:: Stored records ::

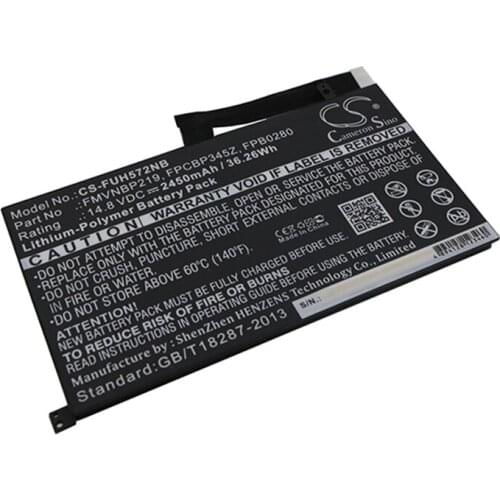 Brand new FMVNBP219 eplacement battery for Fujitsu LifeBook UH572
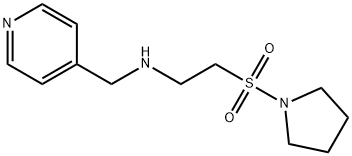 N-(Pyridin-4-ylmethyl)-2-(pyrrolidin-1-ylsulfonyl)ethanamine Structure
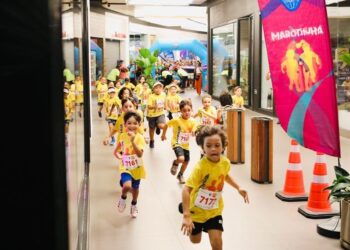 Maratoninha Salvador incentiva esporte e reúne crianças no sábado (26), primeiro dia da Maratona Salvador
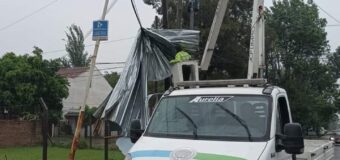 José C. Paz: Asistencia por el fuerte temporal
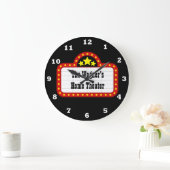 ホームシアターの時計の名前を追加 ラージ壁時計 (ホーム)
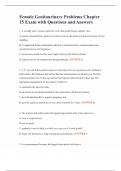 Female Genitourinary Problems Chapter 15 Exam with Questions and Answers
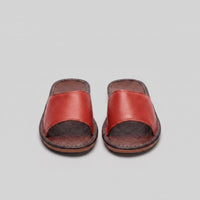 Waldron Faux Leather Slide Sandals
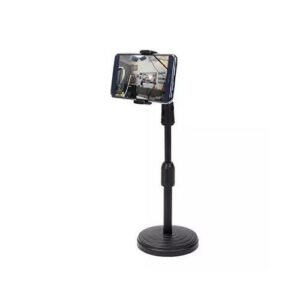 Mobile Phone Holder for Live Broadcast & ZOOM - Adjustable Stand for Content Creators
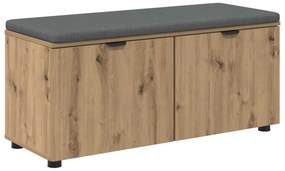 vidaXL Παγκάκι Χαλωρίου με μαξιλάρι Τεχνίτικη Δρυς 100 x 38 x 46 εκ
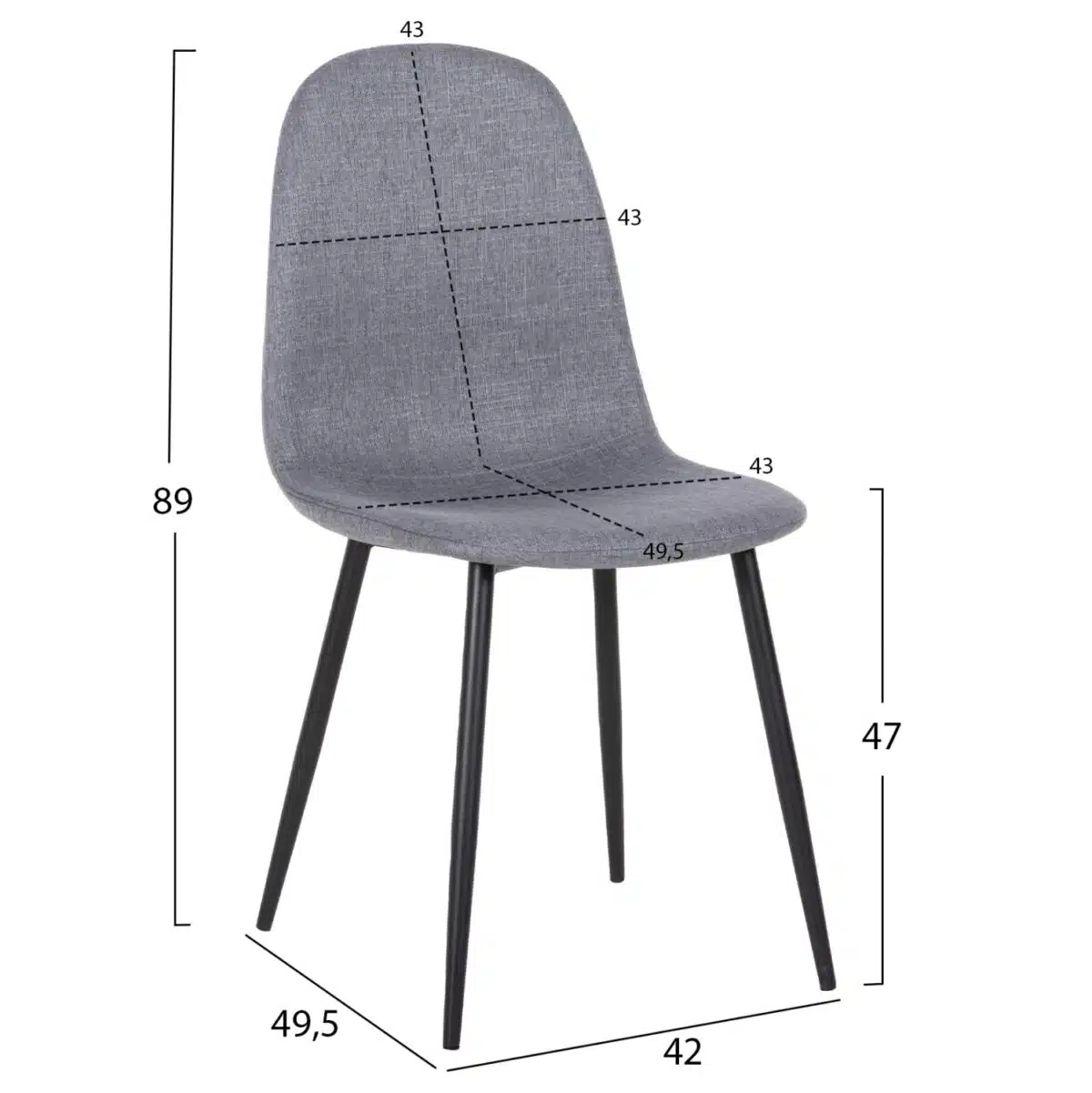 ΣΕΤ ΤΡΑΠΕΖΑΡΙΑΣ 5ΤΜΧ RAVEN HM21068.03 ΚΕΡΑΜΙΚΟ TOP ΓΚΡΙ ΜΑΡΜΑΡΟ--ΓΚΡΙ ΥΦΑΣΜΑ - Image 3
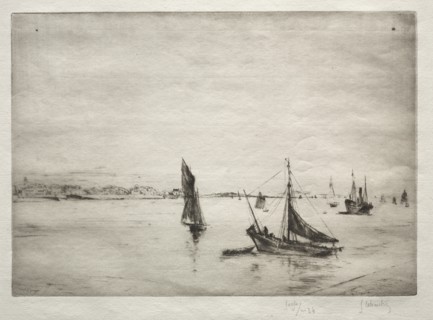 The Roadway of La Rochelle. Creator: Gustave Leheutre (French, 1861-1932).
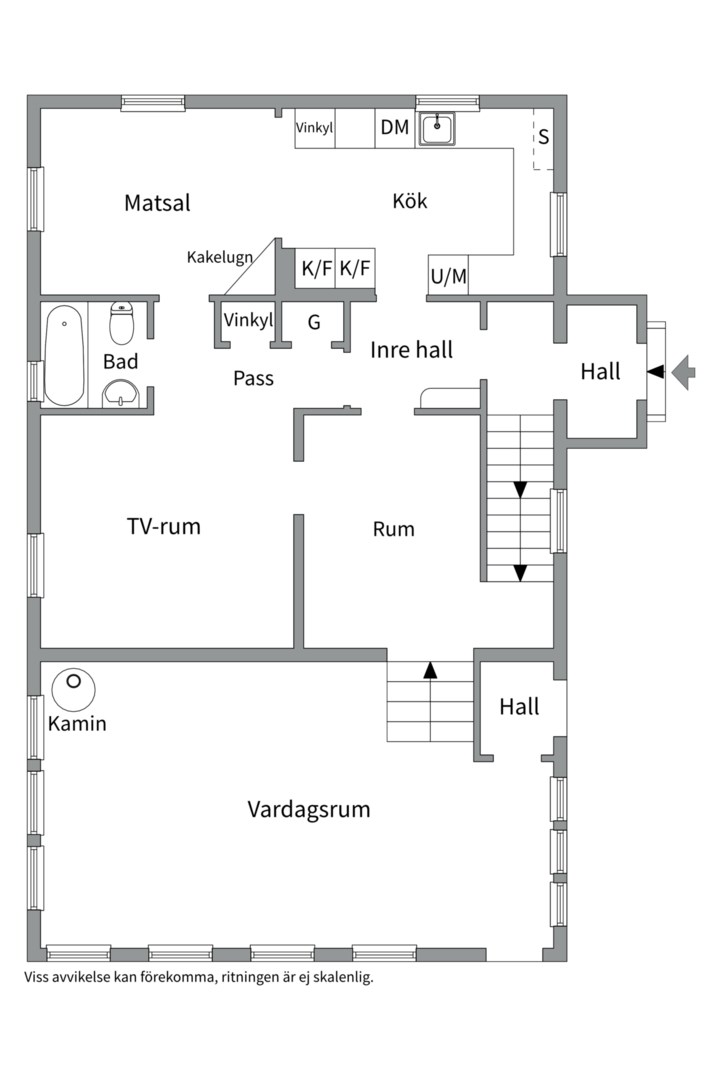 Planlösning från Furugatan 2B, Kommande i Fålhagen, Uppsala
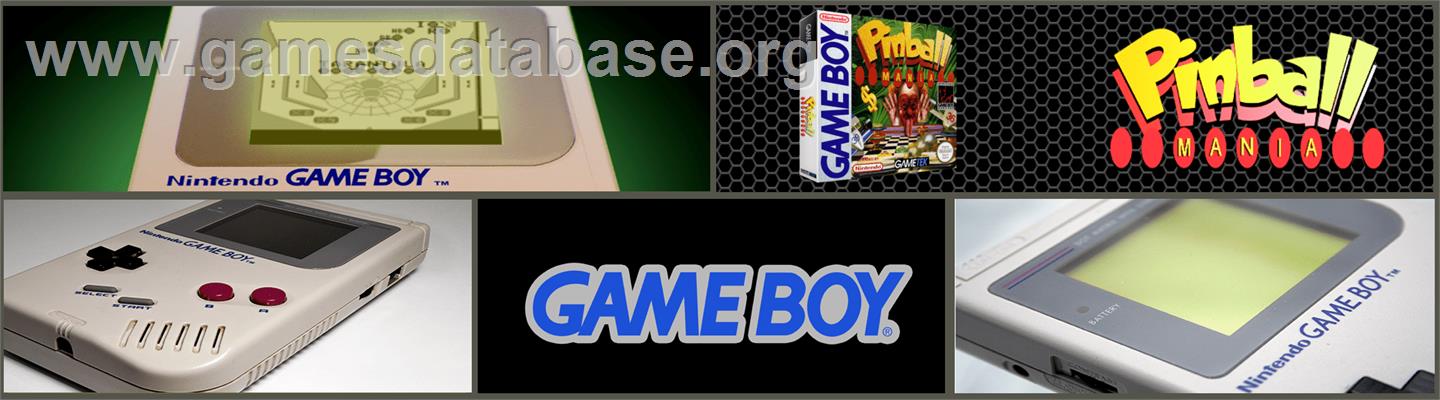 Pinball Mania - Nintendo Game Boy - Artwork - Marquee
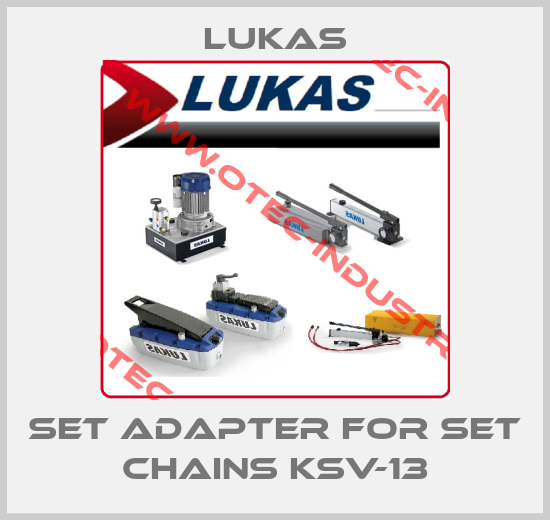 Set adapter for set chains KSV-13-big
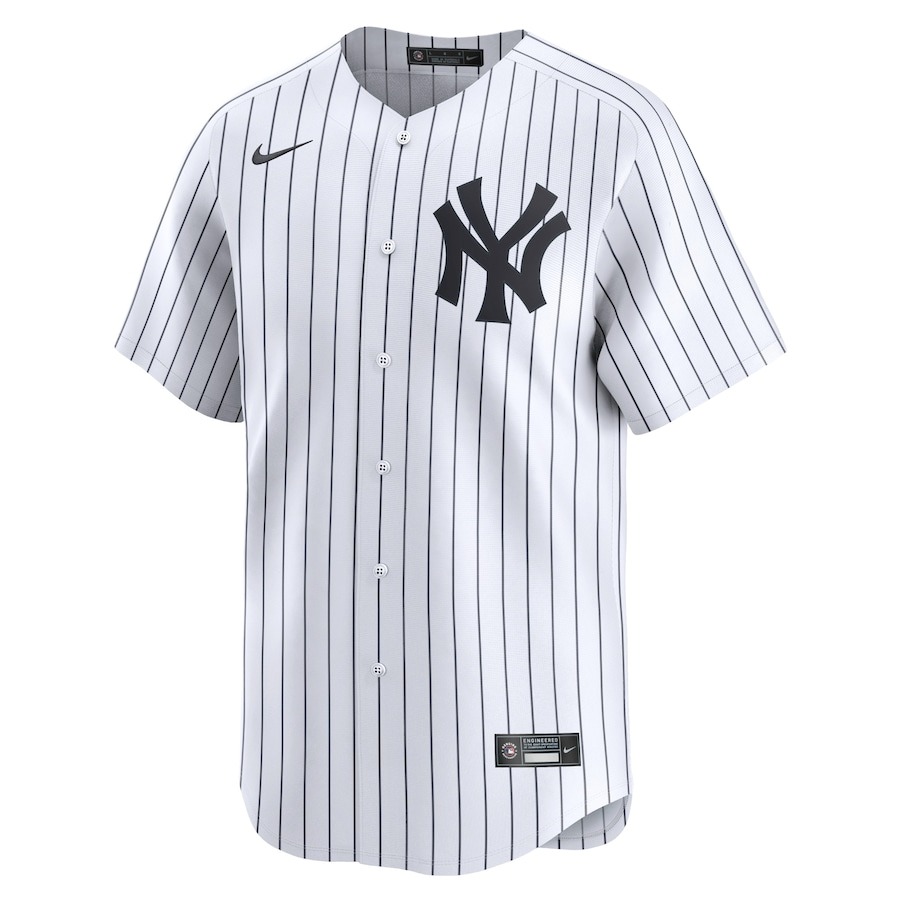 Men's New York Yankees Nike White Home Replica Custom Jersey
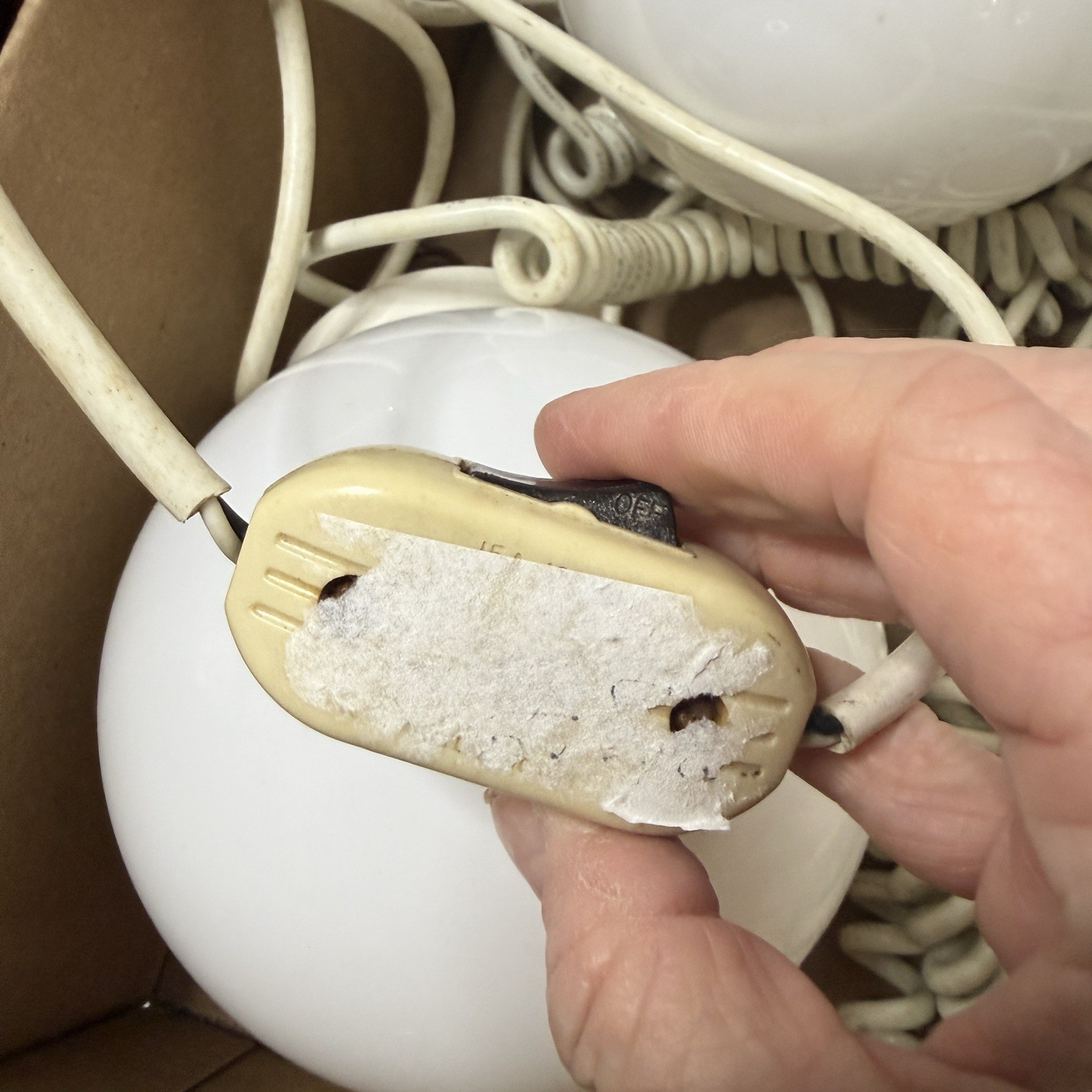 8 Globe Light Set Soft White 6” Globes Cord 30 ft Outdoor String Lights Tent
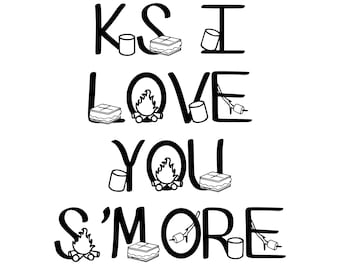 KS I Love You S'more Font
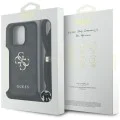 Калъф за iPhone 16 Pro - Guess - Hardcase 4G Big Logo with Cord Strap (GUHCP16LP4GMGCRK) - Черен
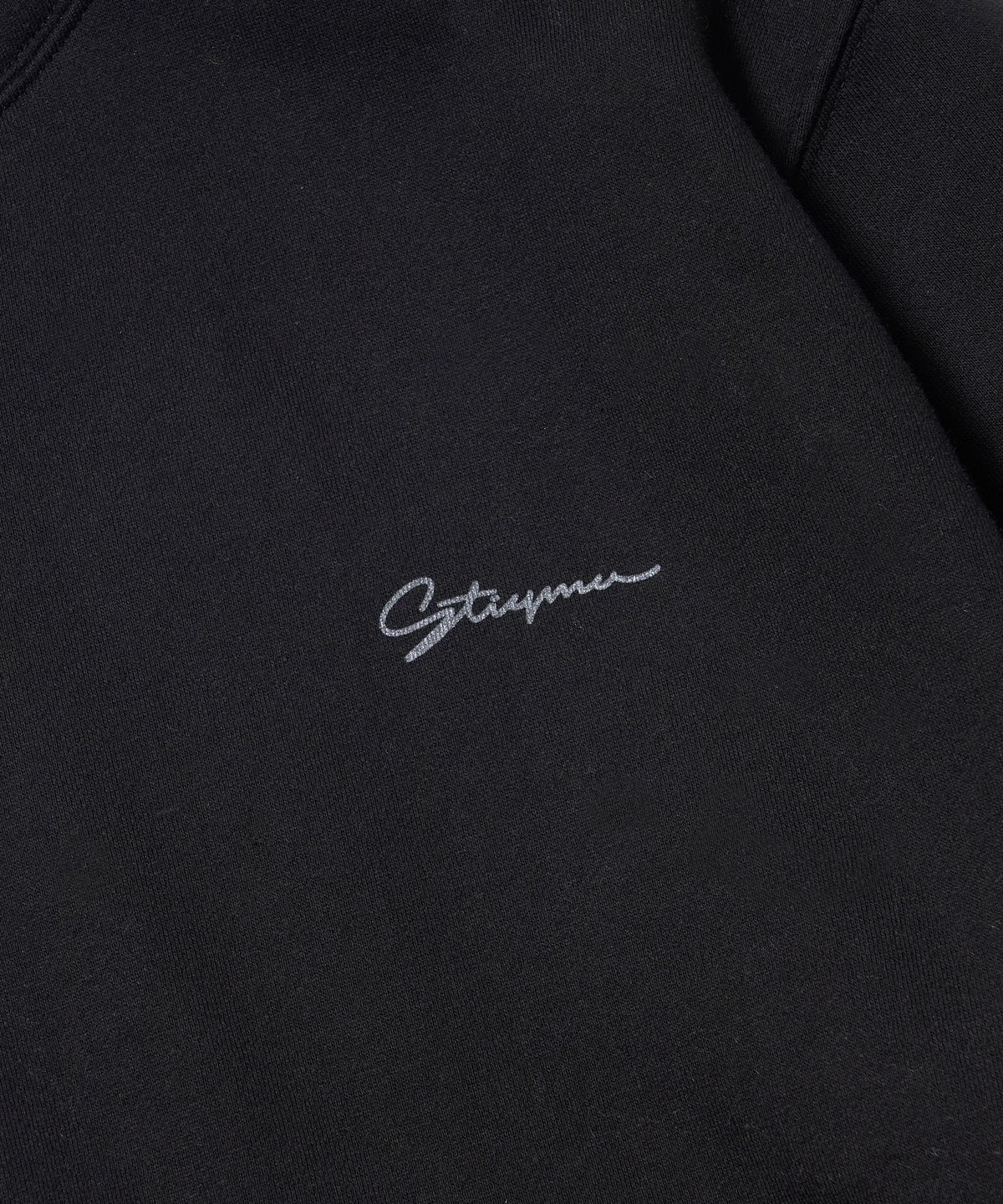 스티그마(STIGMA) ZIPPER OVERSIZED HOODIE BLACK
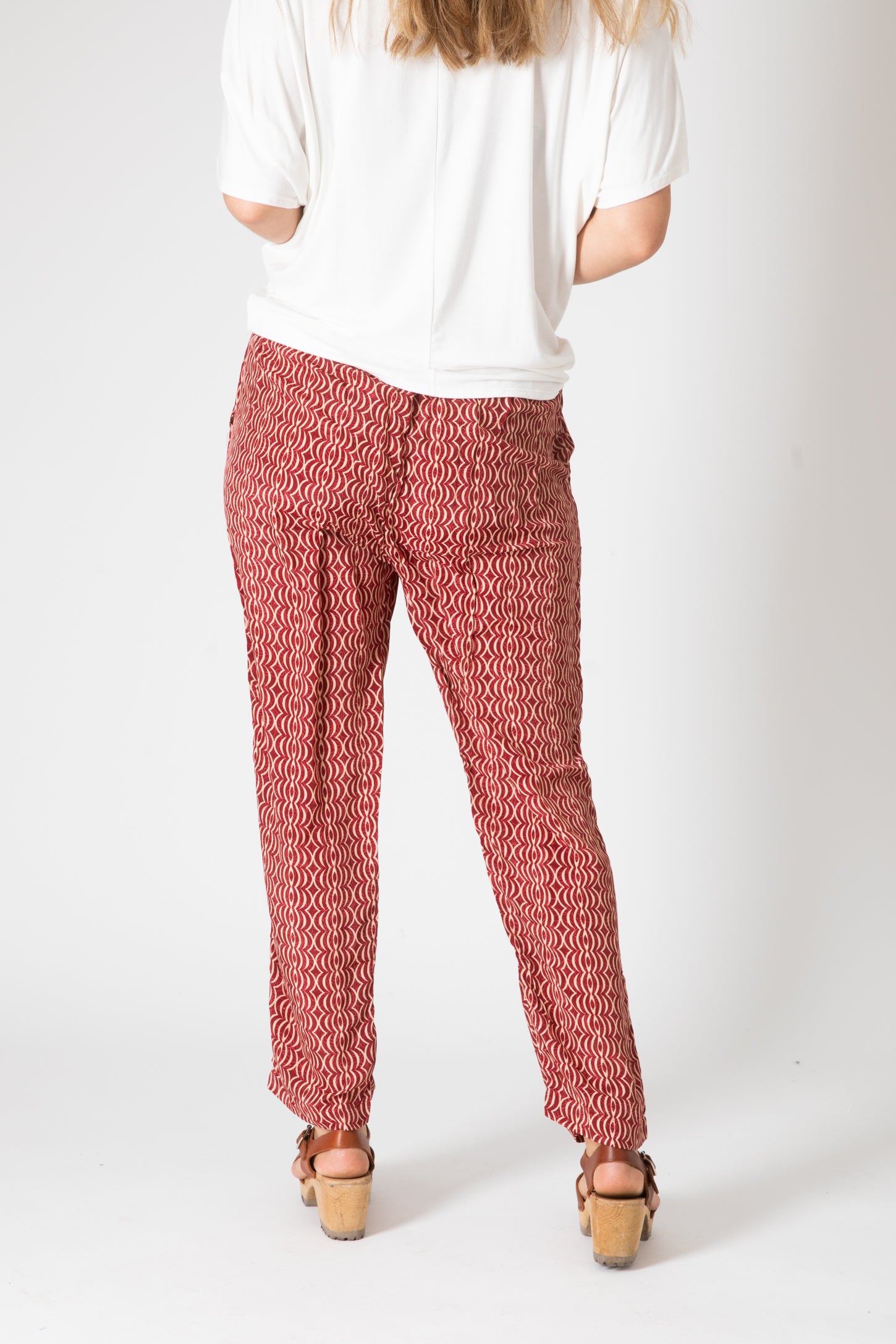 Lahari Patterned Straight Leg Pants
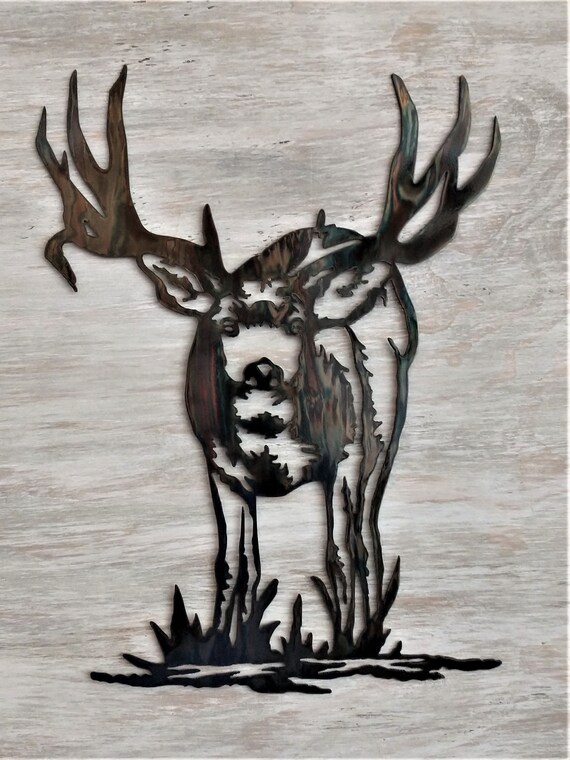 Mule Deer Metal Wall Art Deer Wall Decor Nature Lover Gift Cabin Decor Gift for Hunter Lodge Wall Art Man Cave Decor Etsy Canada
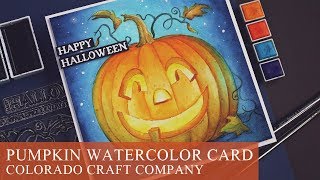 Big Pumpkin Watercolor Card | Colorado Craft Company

:: TASK ::
Write the entries above out again exactly, omitting each image.

:: THE ANSWER ::
 Brand new FMVNBP219 eplacement battery for Fujitsu LifeBook UH572
 N-(Pyridin-4-ylmethyl)-2-(pyrrolidin-1-ylsulfonyl)ethanamine Structure
 Maratoninha Salvador incentiva esporte e reúne crianças no sábado (26), primeiro dia da Maratona Salvador
 José C. Paz: Asistencia por el fuerte temporal
 ホームシアターの時計の名前を追加 ラージ壁時計 (ホーム)
 Female Genitourinary Problems Chapter 15 Exam with Questions and Answers
 Waldron Faux Leather Slide Sandals
 Mobile Phone Holder for Live Broadcast & ZOOM - Adjustable Stand for Content Creators
 vidaXL Παγκάκι Χαλωρίου με μαξιλάρι Τεχνίτικη Δρυς 100 x 38 x 46 εκ
 ΣΕΤ ΤΡΑΠΕΖΑΡΙΑΣ 5ΤΜΧ RAVEN HM21068.03 ΚΕΡΑΜΙΚΟ TOP ΓΚΡΙ ΜΑΡΜΑΡΟ--ΓΚΡΙ ΥΦΑΣΜΑ - Image 3
 The Roadway of La Rochelle. Creator: Gustave Leheutre (French, 1861-1932).
 Planlösning från Furugatan 2B, Kommande i Fålhagen, Uppsala
 Pinball Mania - Nintendo Game Boy - Artwork - Marquee
 Set adapter for set chains KSV-13-big
 Men's New York Yankees Nike White Home Replica Custom Jersey
 8 Globe Light Set Soft White 6” Globes Cord 30 ft Outdoor String Lights Tent
 KS I Love You S'more Font
 Калъф за iPhone 16 Pro - Guess - Hardcase 4G Big Logo with Cord Strap (GUHCP16LP4GMGCRK) - Черен
 스티그마(STIGMA) ZIPPER OVERSIZED HOODIE BLACK
 Lahari Patterned Straight Leg Pants
 Mule Deer Metal Wall Art Deer Wall Decor Nature Lover Gift Cabin Decor Gift for Hunter Lodge Wall Art Man Cave Decor Etsy Canada
 Big Pumpkin Watercolor Card | Colorado Craft Company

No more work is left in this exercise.